Friday, November 1, 2013

Mass For Shut-Ins

I've read a lot of books and could tell you things you never knew, especially about places you've personally and previously live in. That's a small jab at the kid who was in junior Olympics judo or whatever and tried correcting that girl on the climate/weather in Washington that one day. Sorry if that's petty of me, but that guy seems to hold his opinion abnormally high and should consider taking a nap some time. Anyway, here's what I wrote in class: I'm not sure of a work of literature that has made a noticeable impact on me. Honestly haven't read as much as I would of liked to in the last three years, and that's disappointing now that I think of it. All of the last few that I read in AP English my last two years of high school were pretty interesting and fantastic though. Most people didn't read at all, or read a few pages then sparknote'd and wrote the summary off as stupid, but I typically enjoyed whatever weird story I ended up reading. Well, not all of them were that obscure, except Crime & Punishment (still great), but I guess I felt weird for liking the them.

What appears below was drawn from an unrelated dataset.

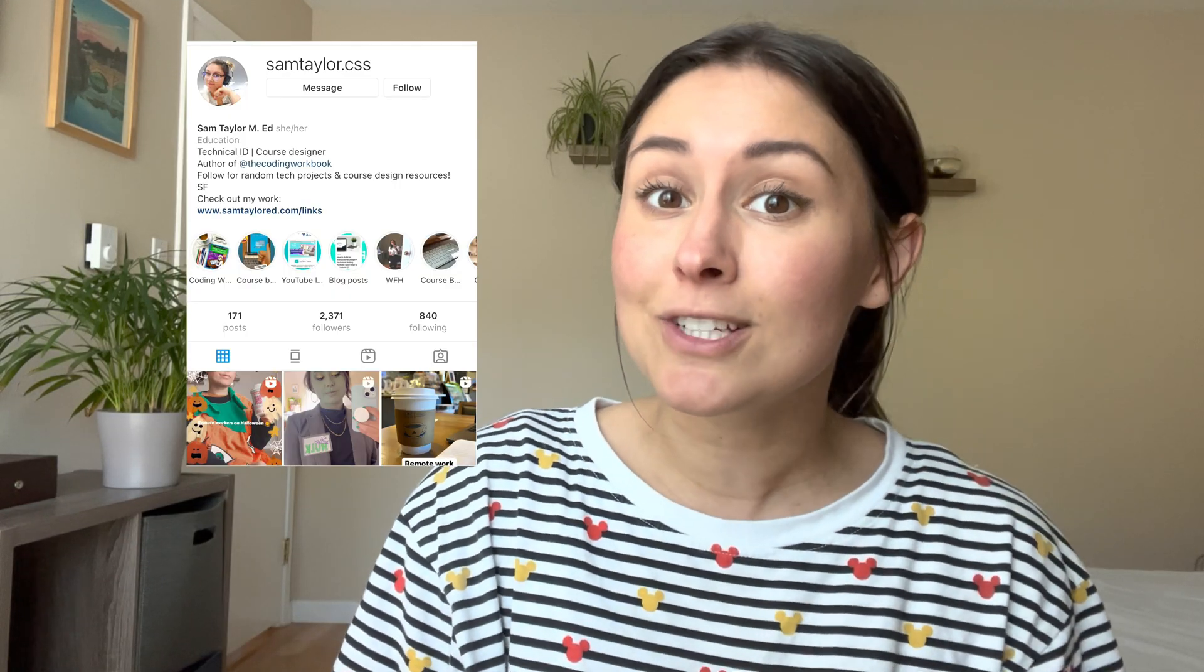Hey everyone, welcome back to my channel. If you're new here, I'm Sam. I'm a former teacher turned instructional designer working in tech. Today we're going to be doing another day in the life of an instructional designer.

Crime and Punishment, Atlas Shrugged, Gulliver's Travels, 1984, and the Grapes of Wrath being the books I read in class. Dunno why I feel the need to explain that, or this sentence itself either. Free writing is a whimsical thing. I also reread the first three books in the Harry Potter series and started reading Red Dragon, the first book in the Hannibal Lectar series, but that was of my own doing. Red Dragon is really dark and the detail is more than likely sickening to some but I'm not very affected by it. I love how the author describes it. That's something odd that I think I get from my mom. She loves horror movies so I guess after watching so much gory cheese, it's somehow refreshing to to read details that make you cringe or would look ridiculous recreated on screen. Not like I love murder or immense violence, though. I just have a fascination with detail and words to a certain extent.